Ella estaba al otro extremo de la pista, señalándome con el dedo mientras la
canción tarareaba “…pero no me dejes nunca, nunca, nunca, nunca…”. Suena el
despertador nuevamente. No sabes cuándo volverás. Semanas antes de partir, me
tomé un trago con “tutiri y mundache”, como si hubiera querido grabar en mi
mente la curvatura de sus narices, las arrugas debajo de sus ojos y el brillo
de sus almas. La mirada triste de una despedida que nadie desea. Me invadió la
manía de la observancia; es decir, de la contemplación de los detalles más
mínimos.
Pero,
en fin, se desayuna. Nadie deja que friegues los platos, si bien tú eras el
flojo por no hacerlo. Sucede que estás a punto de irte de tu casa, y en ese
momento nuestros errores se reconocen como la peculiaridad de nuestra ausencia.
Eso que se extrañará transcurridas las horas.
*Ya es
tiempo de que vayamos cogiendo camino. Pa’ Maiquetía se forma cola.
Allí
la respiración se paraliza y la verdad te coñacea por la espalda como si
estuviésemos hablando de un lumbago. De repente, todo desaparece del
apartamento y comienzas a visualizar aquello que será, a partir de ahora, la
sombra de tu puesto vacío. Reuniones venideras de unos parientes rotos e
incompletos. Los inmigrantes creemos en las cosas del destino. Te montas en el
carro. Para mí, el trayecto es de Guarenas a La Guaira, atravesando Caracas por
la Cota Mil. No sé por qué pero el asiento de la ventana se me reserva siempre.

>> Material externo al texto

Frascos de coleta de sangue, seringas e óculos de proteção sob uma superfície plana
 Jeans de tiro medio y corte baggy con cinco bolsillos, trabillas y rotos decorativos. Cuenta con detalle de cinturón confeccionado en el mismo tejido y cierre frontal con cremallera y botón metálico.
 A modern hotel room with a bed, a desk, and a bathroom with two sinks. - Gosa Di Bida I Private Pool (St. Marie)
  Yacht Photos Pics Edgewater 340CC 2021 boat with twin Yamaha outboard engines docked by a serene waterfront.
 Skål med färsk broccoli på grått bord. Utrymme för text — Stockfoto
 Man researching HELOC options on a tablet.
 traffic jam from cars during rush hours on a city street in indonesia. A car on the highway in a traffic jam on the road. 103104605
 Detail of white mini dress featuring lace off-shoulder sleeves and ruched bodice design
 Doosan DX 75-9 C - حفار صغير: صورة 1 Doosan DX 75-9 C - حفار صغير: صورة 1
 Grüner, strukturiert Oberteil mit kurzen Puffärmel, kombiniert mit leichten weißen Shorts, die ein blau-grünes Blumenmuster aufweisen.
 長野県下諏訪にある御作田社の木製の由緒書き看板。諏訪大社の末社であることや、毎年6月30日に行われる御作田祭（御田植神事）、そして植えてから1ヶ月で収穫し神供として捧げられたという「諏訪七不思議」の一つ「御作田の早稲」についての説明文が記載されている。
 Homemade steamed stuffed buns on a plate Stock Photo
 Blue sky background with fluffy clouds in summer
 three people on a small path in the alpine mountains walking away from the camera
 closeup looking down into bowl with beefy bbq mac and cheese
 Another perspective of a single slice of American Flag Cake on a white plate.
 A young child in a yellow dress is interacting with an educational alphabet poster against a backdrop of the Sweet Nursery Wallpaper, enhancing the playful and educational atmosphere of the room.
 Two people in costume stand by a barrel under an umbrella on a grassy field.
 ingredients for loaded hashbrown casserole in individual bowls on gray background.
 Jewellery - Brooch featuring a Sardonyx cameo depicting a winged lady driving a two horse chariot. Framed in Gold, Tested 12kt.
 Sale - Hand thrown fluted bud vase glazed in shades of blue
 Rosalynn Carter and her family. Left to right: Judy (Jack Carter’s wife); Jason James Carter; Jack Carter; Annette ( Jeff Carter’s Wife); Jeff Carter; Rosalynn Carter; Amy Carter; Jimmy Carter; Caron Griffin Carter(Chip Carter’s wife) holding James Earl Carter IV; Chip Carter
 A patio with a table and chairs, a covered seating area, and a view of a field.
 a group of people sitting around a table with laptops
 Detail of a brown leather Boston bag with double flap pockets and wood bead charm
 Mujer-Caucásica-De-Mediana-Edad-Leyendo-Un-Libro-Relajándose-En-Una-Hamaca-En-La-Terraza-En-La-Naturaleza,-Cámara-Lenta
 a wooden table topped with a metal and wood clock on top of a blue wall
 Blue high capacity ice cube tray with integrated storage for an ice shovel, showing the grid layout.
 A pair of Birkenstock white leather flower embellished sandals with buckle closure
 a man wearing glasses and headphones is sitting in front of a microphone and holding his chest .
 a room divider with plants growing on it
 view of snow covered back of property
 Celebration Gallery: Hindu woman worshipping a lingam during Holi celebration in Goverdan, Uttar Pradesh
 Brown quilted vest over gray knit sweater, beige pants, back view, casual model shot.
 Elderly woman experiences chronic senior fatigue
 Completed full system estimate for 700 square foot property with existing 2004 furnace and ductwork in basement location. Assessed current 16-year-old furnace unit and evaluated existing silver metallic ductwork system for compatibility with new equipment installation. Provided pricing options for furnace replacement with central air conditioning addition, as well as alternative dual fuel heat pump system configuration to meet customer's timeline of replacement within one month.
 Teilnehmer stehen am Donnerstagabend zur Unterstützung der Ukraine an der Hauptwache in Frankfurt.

Necesito reencontrarme con la ciudad que se queda sufriente, con las calles
abandonadas por unos acontecimientos que jamás ocurrirán.
Venir
a Venezuela es renacer en el llanto, en el cuestionamiento de las
circunstancias de contexto. Apago el despertador. Todavía no me he quitado la
cobija de la cara; sin embargo, el escenario que me espera continuará siendo el
Juan Gabriel que delira emborrachado, el Rubén Blades latino que saca lo bonito
de las desilusiones y la ventana oscura con las persianas abajo, tal como nos
queda el corazón una vez que despegamos.